The thing I like most about Jay-Z’s poetry is that there is no way I could have written it. His upbringing, working and social lives are radically different from mine, and so the way he uses language couldn’t be more different. We both have English as a mother tongue, but we use it like we are from two different planets.
That’s the problem with attempting to use computers to analyse human language. They only have words to work with and no context regarding who is saying those words and for what reason. If two people say the same words in response to a different question, it’s not guaranteed that they intend the same meaning.
Let’s take as an example the simple sentence:
“That meal was all right.”
In some parts of Northern England could mean “10 out 10 – best meal I’ve had this year”, whereas in Southern England it could mean “5 out of 10 – I’ve had worse meals, but it wasn’t great”. They might even mean “2 out of 10 – but I’m too polite to tell the whole truth”.
One particular problem in language analysis is that it is difficult for a computer to detect sarcasm – to be honest, it’s difficult enough for humans.
Take for example the sentence:
“I loved this book so much that I threw it away before finishing the first page.”
A simple computer program looking to detect whether this review was positive or negative would have seen “I loved this book” and marked it as a positive review – however most humans can see that this comment was not written by a happy reader.
One final difficulty – small mistakes can make a big difference. The Ten Commandments read very differently if you miss out the word “not”!
Even punctuation is important – my favourite “missing comma” example is:
“She finds inspiration in cooking her family and her dog.”
which is quite different from
“She finds inspiration in cooking, her family and her dog.”
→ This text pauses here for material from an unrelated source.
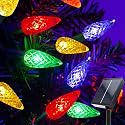 YiKizy Solar Christmas Lights Outdoor C6 Strawberry String Lights, 100 LED Multicolor Outdoor Solar Powered Rechargeable Garden Lights for Xmas Tree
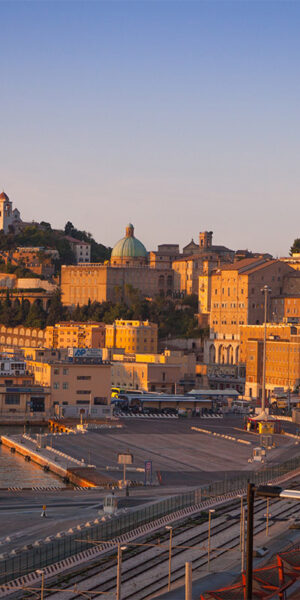 View of the port and city center of Ancona, Italy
Mining natural language for business insight
Despite the difficulties involved, the rewards of mining natural language for business insight are definitively worth having. If you can detect happy customers, angry customers or potential sales opportunities from masses of unfiltered comments from social media or elsewhere, then this gives you an edge over your competition which I would summarise as “happier customers and more of them”.
In order to demonstrate some of the basic features involved in Natural Language Processing, I have made a short video.
This video takes Jay-Z’s lyrics and demonstrates a couple of techniques using Python User Defined Functions on EXASolution. I like to keep my videos short, but hopefully it’s enough to show that you can extend EXASOL way beyond SQL and perform complex analysis on some very unstructured (but beautiful) data.
Happy Thanksgiving to all, and as Jay-Z once said:
“May the best of your todays be the worst of your tomorrows.”